Von der Liebe erzählte Günther den Journalisten nicht. Von der Liebe kann nun wirklich allein die Musik berichten. Und so bat er eines Tages die Tänzerin Anita an das Klavier und spielte ihr einen stürmischen Walzer vor, den er ihr komponiert hatte. Sie planten, dass sie das Stück tanzen solle, die öffentliche Zelebrierung ihrer Verschmelzung, eine Art Hochzeit. Es kam nicht dazu. „Aber in meinem Kopf“, sagt Anita, „in meinem Kopf habe ich den Walzer wohl tausend Mal getanzt.“

Das Paar beschloss, nach Berlin zu gehen. Während Anita sich bald um den gemeinsamen Sohn kümmerte, spielte Günther in verschiedenen Tanzorchestern und begann nebenher als Arrangeur zu arbeiten. Die Meisel-Verlage, berühmte Kapellmeister, Orchester und Produzenten baten ihn um seine Hilfe. Günther verstand es, Kompositionen unterschiedlichsten Stils so elegant umzuschreiben, dass selbst mäßige Orchester mit ihnen auftrumpfen konnten. Vielleicht war dies sein größtes Talent: andere zum Leuchten zu bringen, damit durch sie das Wesentliche strahlen konnte, die Musik.

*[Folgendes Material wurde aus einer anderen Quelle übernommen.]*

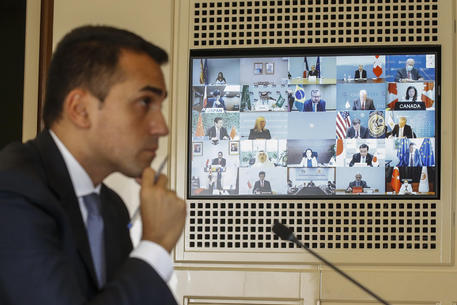 Foreign Minister, Luigi Di Maio, during the extraordinary meeting, by videoconference, of the G20 on trade, Farnesina, Rome, 22 September 2020. ANSA/FABIO FRUSTACI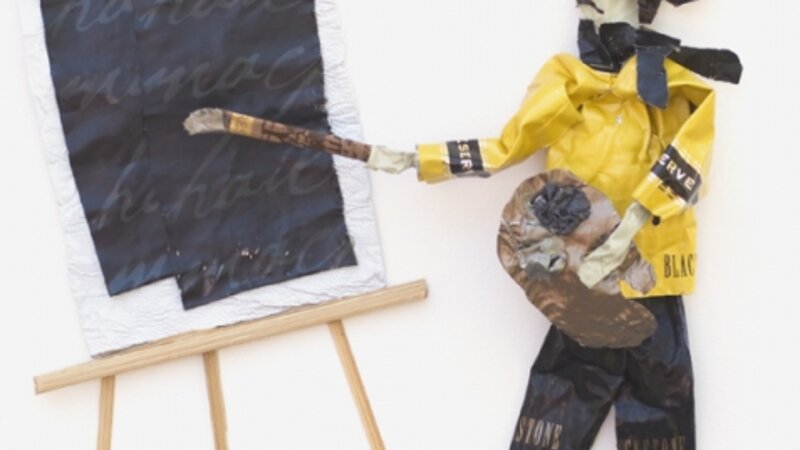 sculpture of an artist painting like Cy Twombly, made from wine capsules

Urlaub, Kleidung, Feste, das waren Nebensächlichkeiten, mit denen er sich nur ungern beschäftigte. Selbst wenn Krankenhausaufenthalte nötig waren, trug er seine Partituren bei sich. Er brauchte die Musik, und die Musik brauchte ihn. Günther Gürsch schrieb an die 100 Arrangements im Jahr, darunter für die Komische Oper, Max Raabes Palastorchester, die Brass Band Berlin und das Capital Dance Orchestra, er spielte für das Rias-, das SFB- und andere Orchester, saß in den Aufnahmestudios zahlreicher Schallplatten- und Filmfirmen.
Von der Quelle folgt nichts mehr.